You are viewing a plain text version of this content. The canonical link for it is here.
Posted to solr-user@lucene.apache.org by Shalin Shekhar Mangar <sh...@gmail.com> on 2009/01/13 14:44:43 UTC

Re: DataImportHandler: UTF-8 and Mysql

On Mon, Jan 12, 2009 at 3:48 PM, gwk <gi...@eyefi.nl> wrote:

> 1. Posting UTF-8 data through the example post-script works and I get
>     the proper results back when I query using the admin page.
>     However, data imported through the DataImportHandler from a MySQL
>     database (the database contains correct data, it's a copy of a
>     production db and selecting through the client gives the correct
>     characters) I get "ó" instead of "ó". I've tried several
>     combinations of arguments to my datasource url
>     (useUnicode=true&characterEncoding=UTF-8) but it does not seem to
>     help.
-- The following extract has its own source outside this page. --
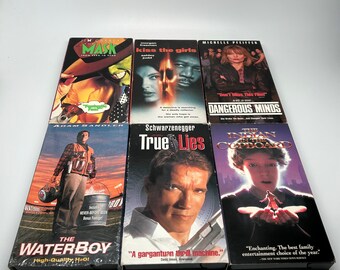 永遠と一日　中古VHSビデオ　字幕スーパー サンプル品 1998年 永遠と一日 中古VHSビデオ 字幕スーパー サンプル品 1998年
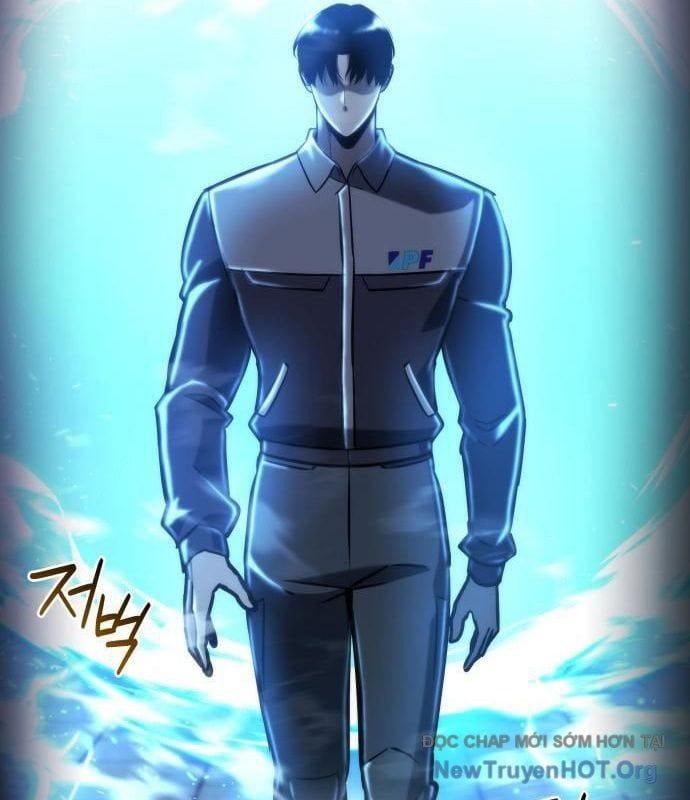 Mạt Thế Hậu Cần - Chapter 52 - Page 8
How do I get this to work correctly?


DataImportHandler does not change any encoding. It receives a Java string
object from the driver and adds it to Solr. So I'm guessing the problem is
in the database or in the driver. Did you create the tables with UTF-8
encoding? Try looking in the MySql driver configuration parameters to force
UTF-8. Sorry, I can't be of much help here.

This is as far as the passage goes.